Bazille Tutorials
Creative Routing With Bazille
Using feedback is always great fun when you are designing sounds, let’s see how to use this technique inside U-he Bazille to create some cool patches.
Because the signal flow in Bazille is so flexible there are a lot of ways to patch things up a little bit differently.
For example, nowadays most famous or more advanced synthesisers will have at least some FM options or a dedicated FM oscillator, in Bazille you can just use any oscillator as a modulator for another oscillator.
In my example we use oscillator 2 to control the pitch of oscillator one, in essence creating a FM (Frequency Modulation) patch where OSC2 is the modulator and oscillator 1 is the carrier.

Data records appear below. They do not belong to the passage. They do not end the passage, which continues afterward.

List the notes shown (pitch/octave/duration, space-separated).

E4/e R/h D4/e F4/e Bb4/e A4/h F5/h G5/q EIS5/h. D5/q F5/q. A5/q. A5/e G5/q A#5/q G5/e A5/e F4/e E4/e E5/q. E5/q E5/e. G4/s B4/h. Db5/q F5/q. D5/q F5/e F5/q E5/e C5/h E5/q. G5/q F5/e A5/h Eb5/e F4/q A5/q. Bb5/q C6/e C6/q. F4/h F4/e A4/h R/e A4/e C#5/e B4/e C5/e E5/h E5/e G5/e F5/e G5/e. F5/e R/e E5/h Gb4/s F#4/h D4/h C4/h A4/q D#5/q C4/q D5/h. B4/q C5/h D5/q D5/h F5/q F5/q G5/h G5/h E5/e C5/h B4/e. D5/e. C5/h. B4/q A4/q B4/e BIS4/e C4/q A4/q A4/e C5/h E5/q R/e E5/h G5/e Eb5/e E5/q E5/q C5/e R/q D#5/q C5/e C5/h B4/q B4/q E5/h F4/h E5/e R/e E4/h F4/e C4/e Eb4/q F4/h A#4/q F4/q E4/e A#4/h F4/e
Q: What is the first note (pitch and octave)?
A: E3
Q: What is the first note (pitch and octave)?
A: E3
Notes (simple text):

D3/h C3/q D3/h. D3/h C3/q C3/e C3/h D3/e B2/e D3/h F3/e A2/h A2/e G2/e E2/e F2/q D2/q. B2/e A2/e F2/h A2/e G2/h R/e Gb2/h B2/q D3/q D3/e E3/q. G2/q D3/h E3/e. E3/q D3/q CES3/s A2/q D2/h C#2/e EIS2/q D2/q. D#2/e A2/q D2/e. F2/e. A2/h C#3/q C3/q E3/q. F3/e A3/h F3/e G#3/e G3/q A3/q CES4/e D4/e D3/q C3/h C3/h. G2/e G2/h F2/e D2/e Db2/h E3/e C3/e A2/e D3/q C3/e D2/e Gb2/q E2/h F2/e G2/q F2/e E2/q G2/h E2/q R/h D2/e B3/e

The fun thing about this is that your sounds can get very unique within seconds and they get sort of a rich quality added to them.
It is also pretty easy to overdo it and get some very noisy, distorted sounds, but you’ll find the “magic” settings soon enough!
Another great thing is that even though you don’t hear the modulation oscillator directly, you can still turn the knobs and get a variety of cool sounds.
If you want to experiment with this, try using the phase distortion and the fractilise options!
After the oscillator stage we send the sound through the multiplex, an advanced mixer module that allows you to sum different sounds into one output.
We can send this output to any filter we want to and use those filters to modulate their own cutoff again!
Sounds crazy? Well maybe it is a little bit, but this is how a lot of cool patches where created in the old days, where modular synths ruled the world.
You’ll be surprised by the amount of sounds you start to recognise once you’ve tried some of these tricks.
Don’t forget that you can set the tuning ratio of any oscillator to different settings, try the “overtones” or the “hertz” for example to really go crazy with FM sounds.
I hope you find some cool little tricks this way, and if you do, feel free to share them!